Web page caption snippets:
= = =

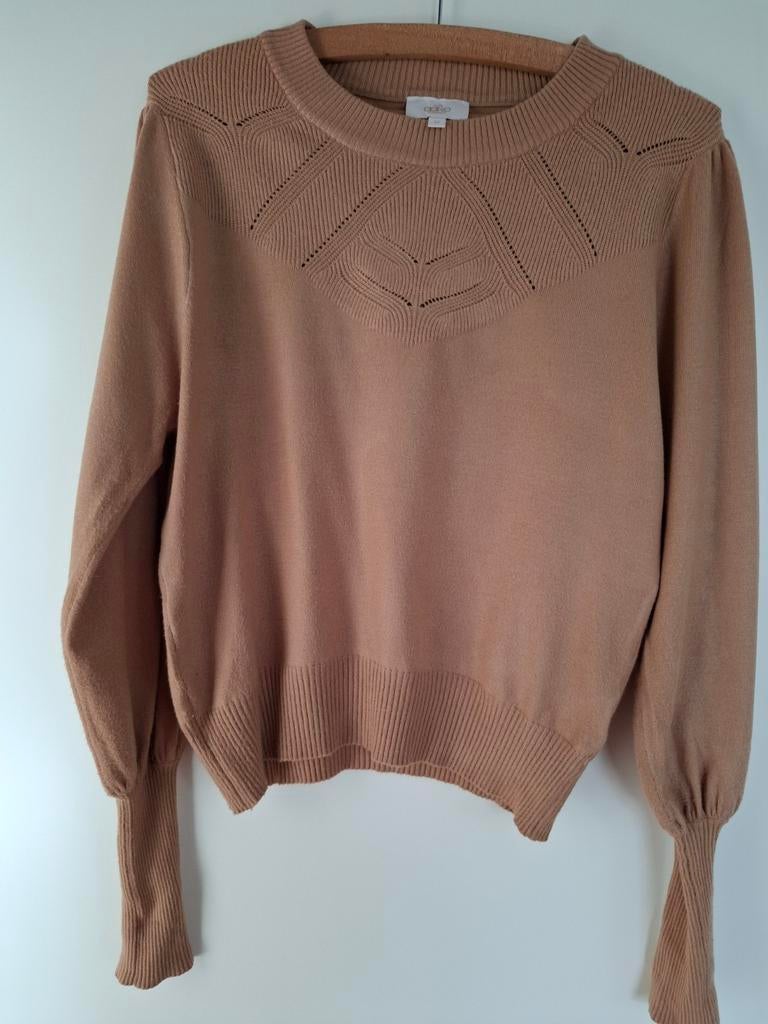 Mooie beige trui van Aaiko, maat M, Maat 38/40 (M), Aaiko, Beige, Ophalen of Verzenden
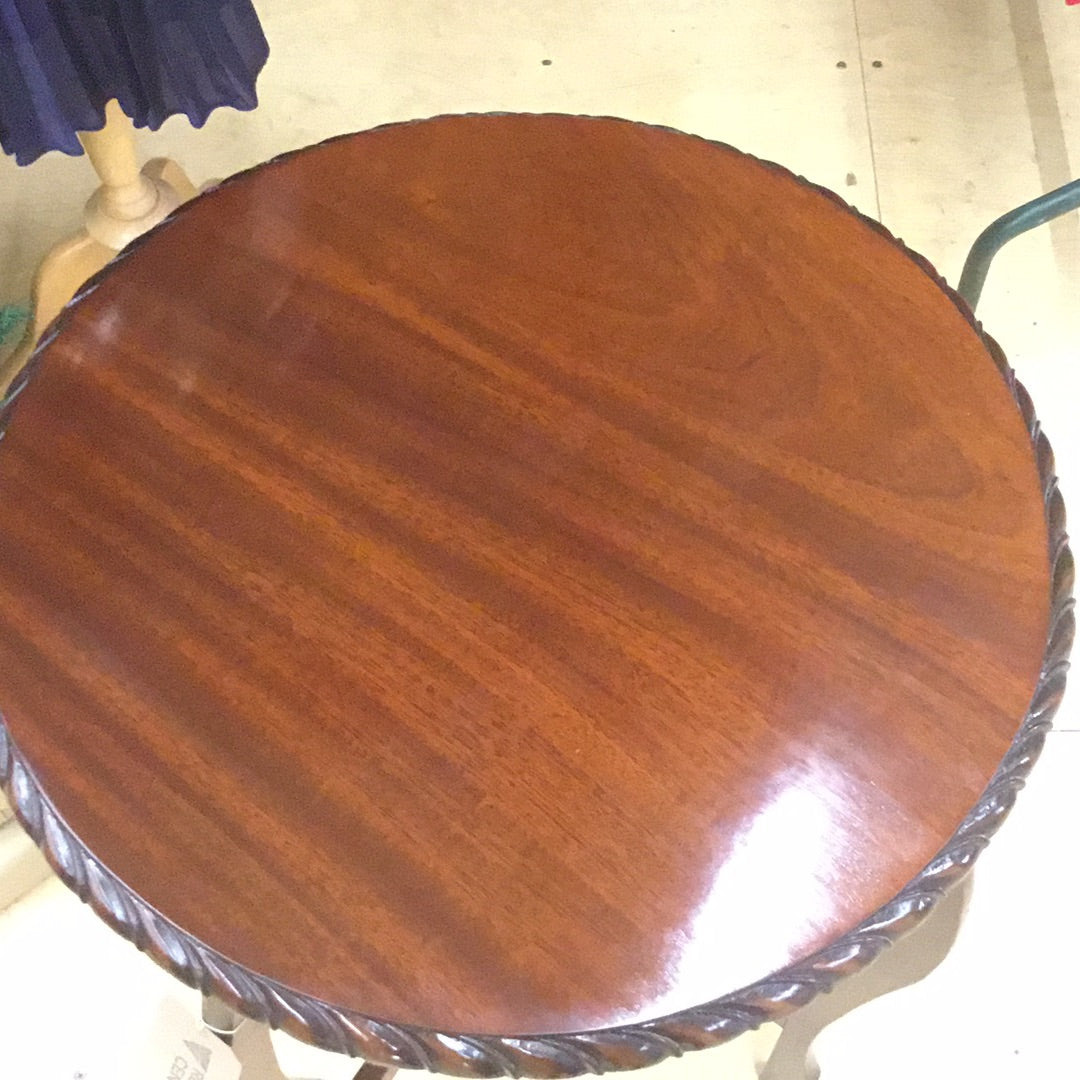 RDC Furniture Mahogany Occasional Table French Polished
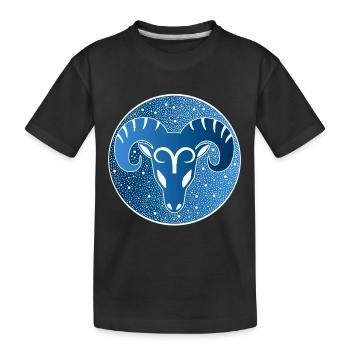 Signe astrologique : bélier - T-shirt bio Premium Enfant - noir - Devant
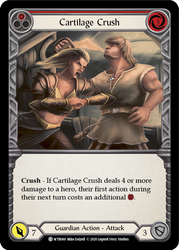Flesh and Blood TCG | Cartilage Crush (Red) [U-WTR060] (Welcome to Rathe Unlimited)  Unlimited Rainbow Foil | The Nerd Merchant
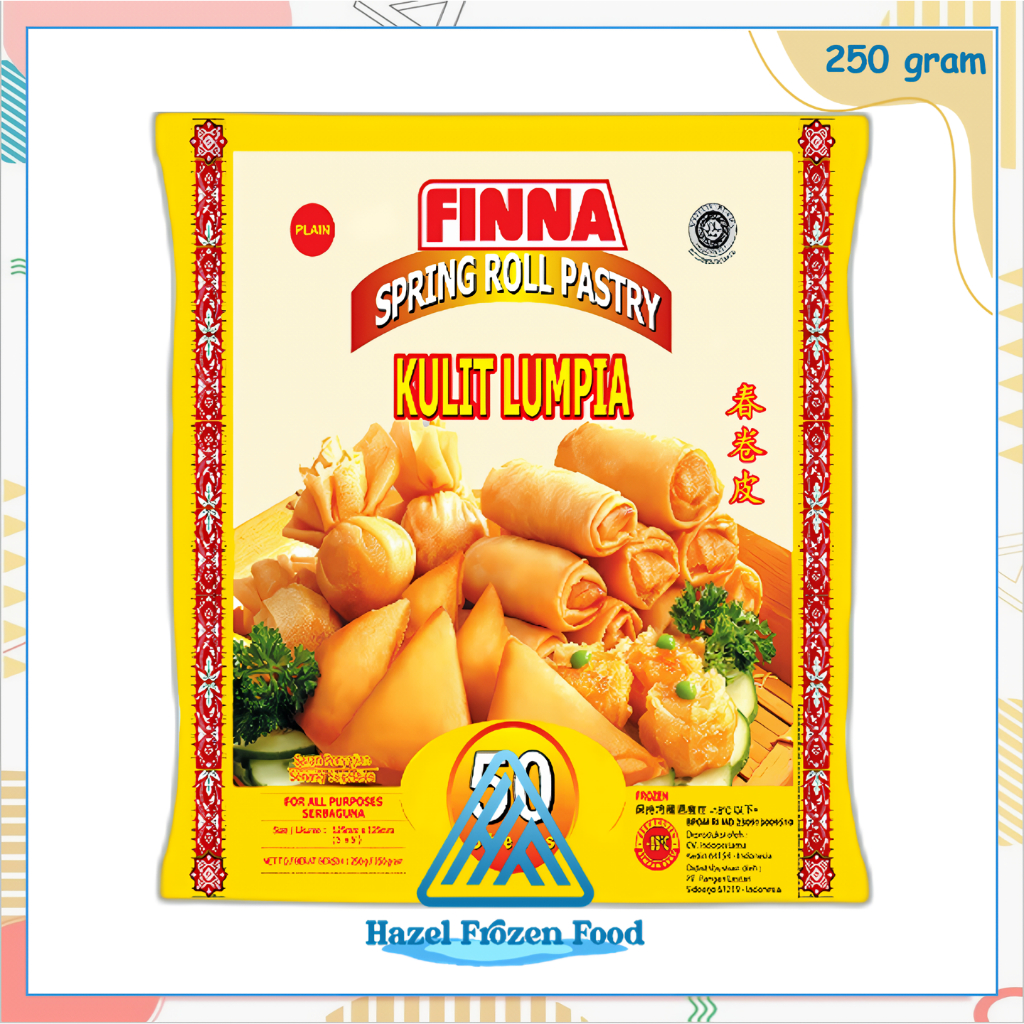 

Finna Kulit Lumpia 50 Sheets Frozen Food Karawang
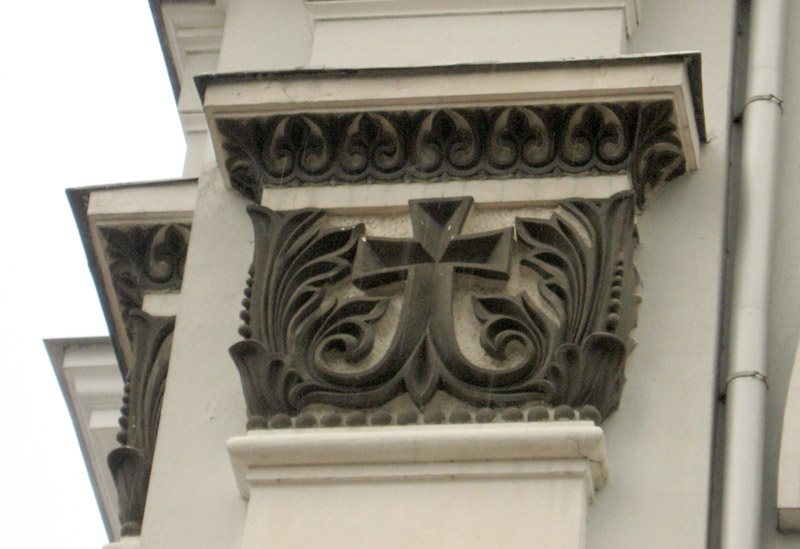 Собор Петра и Павла, Каунас (Каунасский уезд, Литва). архитектурные детали, Капитель пилястр
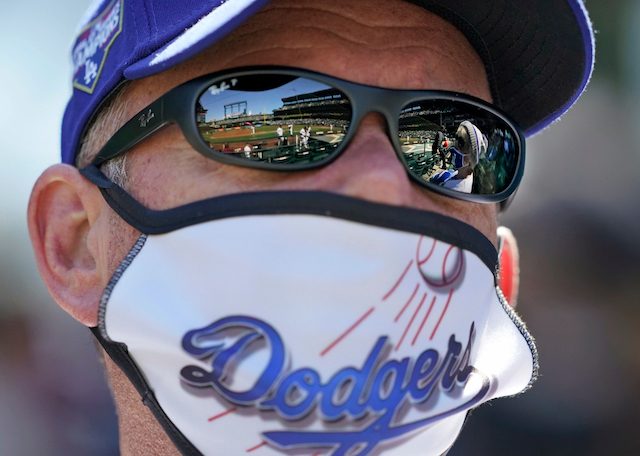 Los Angeles Dodgers Fan Mask Adult Face Covering 3 Pack – Sports Fanz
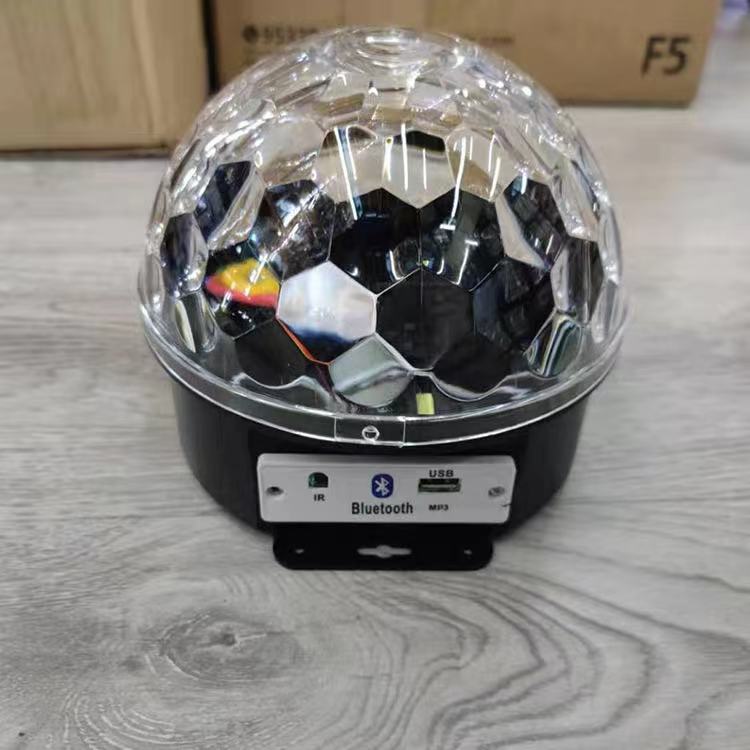 LED魔球灯 舞台灯星空灯 七彩蓝牙音乐KTV爆闪旋转氛围喇叭灯详情图4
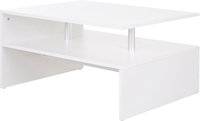 Homcom 2-Tier Coffee Table Rectangular Design Sofabord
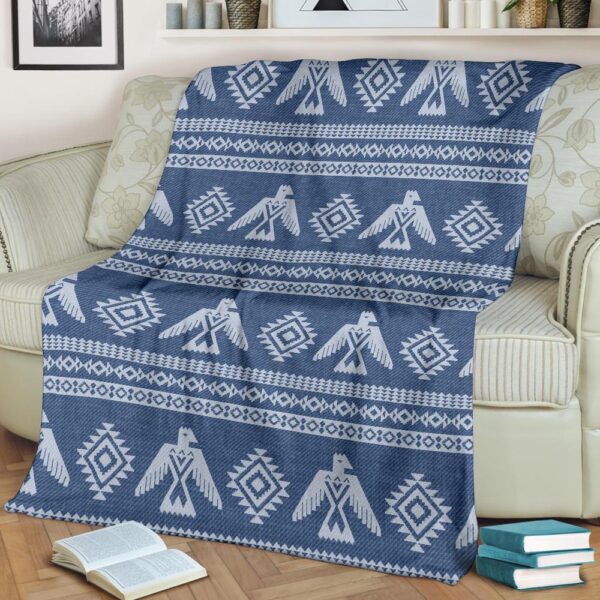 Native American Blanket, Native American Eagle Pattern Print Blanket, Native Blankets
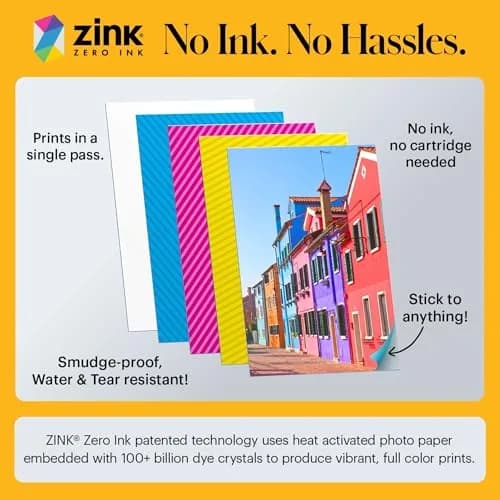 KODAK Printomatic Digital Camera 5MP | Portable Instant Print with Sticky-Back Photos thumbnail 4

= = =

> **EXERCISE DETAILS**:
All the lines above must be written out exactly, without a single picture.

> **TASK OUTPUT**:
 Mooie beige trui van Aaiko, maat M, Maat 38/40 (M), Aaiko, Beige, Ophalen of Verzenden
 RDC Furniture Mahogany Occasional Table French Polished
 Signe astrologique : bélier - T-shirt bio Premium Enfant - noir - Devant
Flesh and Blood TCG | Cartilage Crush (Red) [U-WTR060] (Welcome to Rathe Unlimited)  Unlimited Rainbow Foil | The Nerd Merchant

Finna Kulit Lumpia 50 Sheets Frozen Food Karawang
 Собор Петра и Павла, Каунас (Каунасский уезд, Литва). архитектурные детали, Капитель пилястр
 Los Angeles Dodgers Fan Mask Adult Face Covering 3 Pack – Sports Fanz
 LED魔球灯 舞台灯星空灯 七彩蓝牙音乐KTV爆闪旋转氛围喇叭灯详情图4
 Homcom 2-Tier Coffee Table Rectangular Design Sofabord
 Native American Blanket, Native American Eagle Pattern Print Blanket, Native Blankets
 KODAK Printomatic Digital Camera 5MP | Portable Instant Print with Sticky-Back Photos thumbnail 4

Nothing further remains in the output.